On the extreme end of this spectrum, cuts from hard-working muscles with a high concentration of connective tissue as a result of their proximity to bones — short ribs and oxtail, for instance — will take a little longer to braise, but are also more forgiving when it comes to overcooking.
But I still had questions.
How much liquid is enough for a braise?
When I braise, I typically add enough liquid (whether stock, wine, tomato sauce, just water, etc.) to come most of the way up the meat, leaving the top exposed. This allows for some browning and flavor development to occur as it braises in the oven. If I plan to serve the meat the next day, I’m also in the habit of allowing the meat to cool in its own liquid, a method drilled into my brain by every restaurant chef I’ve ever worked for. I wondered what, if any, effect those choices actually made on the finished product.
So I started a new braise, this time dividing the beef in half after searing it and placing each half inside a cotton mesh bag before braising. This would allow me to braise the beef in the same pot while making sure that the two batches did not get mixed up. One bag I kept submerged in braising liquid, while the other I placed on a rack so that it was half submerged and half elevated in the braising liquid.
After braising for 2½ hours, I weighed and tasted each batch. The results were pretty stark. The partly submerged batch had much better browning and the deeper flavor that comes with it. Texturally, however, it was drier than the fully submerged beef, losing a full 40 percent of its weight in moisture compared with the submerged beef, which lost 30 percent.
I split the contents of each bag in half. I allowed one half to cool in the open air, while I covered the other half with braising liquid before cooling. I stored both halves in the fridge, then reheated them the next day in braising liquid on the stovetop. As it turned out, my chefs were right: The meat cooled and reheated in its liquid came out far juicier than the meat cooled in the open air.

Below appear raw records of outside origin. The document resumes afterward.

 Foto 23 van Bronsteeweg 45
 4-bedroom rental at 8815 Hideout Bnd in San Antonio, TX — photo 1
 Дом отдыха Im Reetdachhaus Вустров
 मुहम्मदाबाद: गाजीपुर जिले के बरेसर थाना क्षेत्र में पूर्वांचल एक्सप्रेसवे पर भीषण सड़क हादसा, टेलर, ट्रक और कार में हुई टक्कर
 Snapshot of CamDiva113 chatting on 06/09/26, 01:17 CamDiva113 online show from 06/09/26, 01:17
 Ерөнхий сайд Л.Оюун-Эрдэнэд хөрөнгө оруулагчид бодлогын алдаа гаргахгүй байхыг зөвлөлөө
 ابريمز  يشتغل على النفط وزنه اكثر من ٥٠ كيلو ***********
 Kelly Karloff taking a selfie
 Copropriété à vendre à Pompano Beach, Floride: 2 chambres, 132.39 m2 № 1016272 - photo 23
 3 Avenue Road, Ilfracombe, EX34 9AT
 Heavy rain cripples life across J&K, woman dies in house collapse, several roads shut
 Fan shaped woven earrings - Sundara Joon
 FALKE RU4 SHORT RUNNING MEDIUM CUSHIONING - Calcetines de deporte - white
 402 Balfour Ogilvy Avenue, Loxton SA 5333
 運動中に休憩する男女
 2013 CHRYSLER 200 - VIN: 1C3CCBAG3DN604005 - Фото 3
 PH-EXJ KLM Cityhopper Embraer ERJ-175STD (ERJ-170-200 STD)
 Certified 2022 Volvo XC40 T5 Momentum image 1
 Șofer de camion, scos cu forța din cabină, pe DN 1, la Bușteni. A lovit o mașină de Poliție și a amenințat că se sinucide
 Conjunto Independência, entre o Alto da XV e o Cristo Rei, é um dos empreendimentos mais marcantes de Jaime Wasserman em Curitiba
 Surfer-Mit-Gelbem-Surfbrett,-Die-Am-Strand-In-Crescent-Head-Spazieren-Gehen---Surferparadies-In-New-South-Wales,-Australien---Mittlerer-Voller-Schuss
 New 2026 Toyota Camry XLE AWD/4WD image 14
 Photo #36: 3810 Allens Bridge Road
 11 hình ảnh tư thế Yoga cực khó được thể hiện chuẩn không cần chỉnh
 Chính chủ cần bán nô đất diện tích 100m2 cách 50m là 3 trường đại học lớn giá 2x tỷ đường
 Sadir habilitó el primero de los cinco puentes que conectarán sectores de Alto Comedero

This was true whether the beef had been fully or only partly submerged during cooking.
This is because braised beef acts like a sponge that can hold more moisture the colder it is. As hot beef cools in liquid, it sucks up some of those juices, which remain when you gently reheat it before serving.
The Results
In the end, the practical advice is simple, and it works whether you’re making a boeuf Bourguignon, a pot of Texas red or shredded barbacoa for taco night. After completing any searing and flavor-building steps in a heavy Dutch oven, add enough liquid that the meat is mostly covered, but still has a few bits sticking out to promote extra browning. Partly cover it (to allow for browning and to help regulate temperature), and transfer it to an oven set at 275 degrees to 300 degrees Fahrenheit (135 degrees to 150 degrees Celsius). Let the braise cook at a bare simmer for around 2½ hours (two hours for leaner cuts of meat, like flank steak or flap meat), and then, using a fork, check it for doneness every half-hour after that.
For chunky braises like beef stew or short ribs, take the pot out of the oven as soon as the meat breaks apart easily along the larger seams. For shredded braises like ropa vieja or barbacoa, cook the meat until it shreds into individual fibers. If the meat is still tough, let it cook longer. (If, on the other hand, the meat falls apart too easily and tastes dry or chalky, you’re going to need to find a way to go back in time and remind your past self to take it out of the oven a bit earlier.)
Dig in right away, if you must, but for better, juicier texture, allow the meat to cool in its cooking liquid overnight before gently reheating it the next day.
Of course, this is only the tip of the braised beef iceberg. How does marinating or dry-brining affect cook time? What about oven temperature, or the pH of the braising liquid? Does pork or chicken braise differently from beef? And what do bay leaves taste like anyway?
Keep sending in your questions, and I’ll keep on testing.